# Data provided:

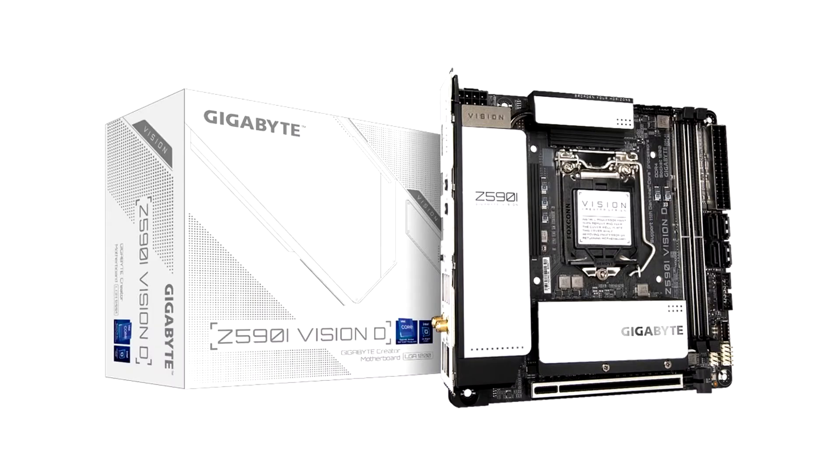Gigabyte Technology Company Limited, a leading manufacturer of motherboards and graphics cards, today announced the new Z590 Vision Series motherboards for creators, which power the 11th Generation Intel Core processors.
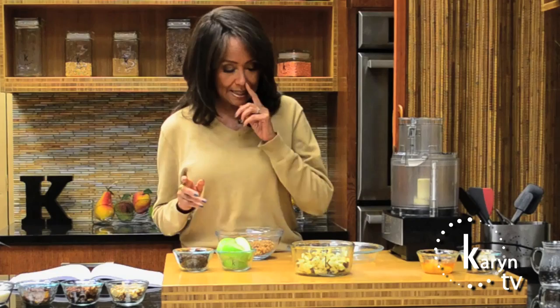Hi, I'm Karen Calabrese and welcome to Karen's Kitchen. Today I'm going to make my world famous apple pie. This is one of the first recipes I ever did when I opened up my very first raw food restaurant 30 some years ago when people weren't really even into raw at the time.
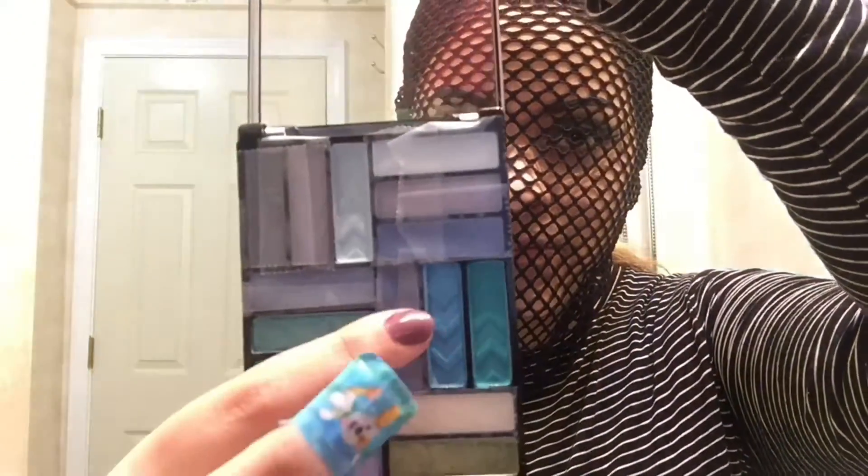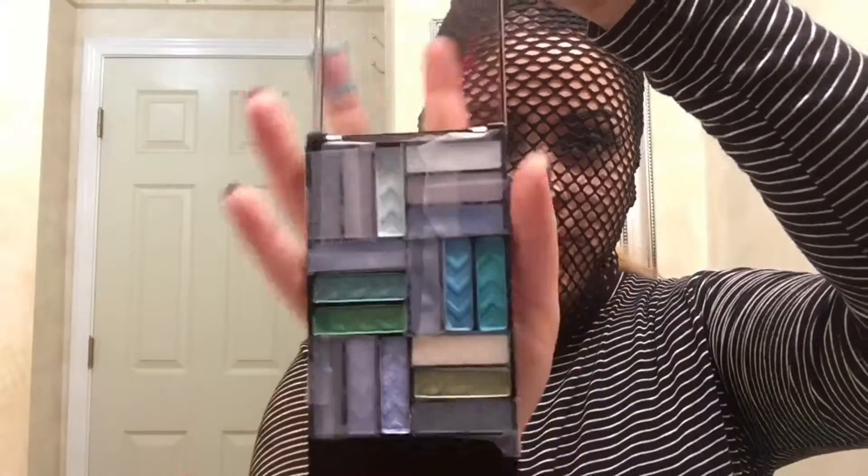Next we're going to use eyeshadow. I chose two colors just to create the mermaid realistic look. If you want to add pink and purple you can go ahead and do that, but I decided to use blue and green.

# Task instructions:
Excluding the images, copy all of the material above verbatim.

# Solved exercise:
Gigabyte Technology Company Limited, a leading manufacturer of motherboards and graphics cards, today announced the new Z590 Vision Series motherboards for creators, which power the 11th Generation Intel Core processors.
Hi, I'm Karen Calabrese and welcome to Karen's Kitchen. Today I'm going to make my world famous apple pie. This is one of the first recipes I ever did when I opened up my very first raw food restaurant 30 some years ago when people weren't really even into raw at the time.
Next we're going to use eyeshadow. I chose two colors just to create the mermaid realistic look. If you want to add pink and purple you can go ahead and do that, but I decided to use blue and green.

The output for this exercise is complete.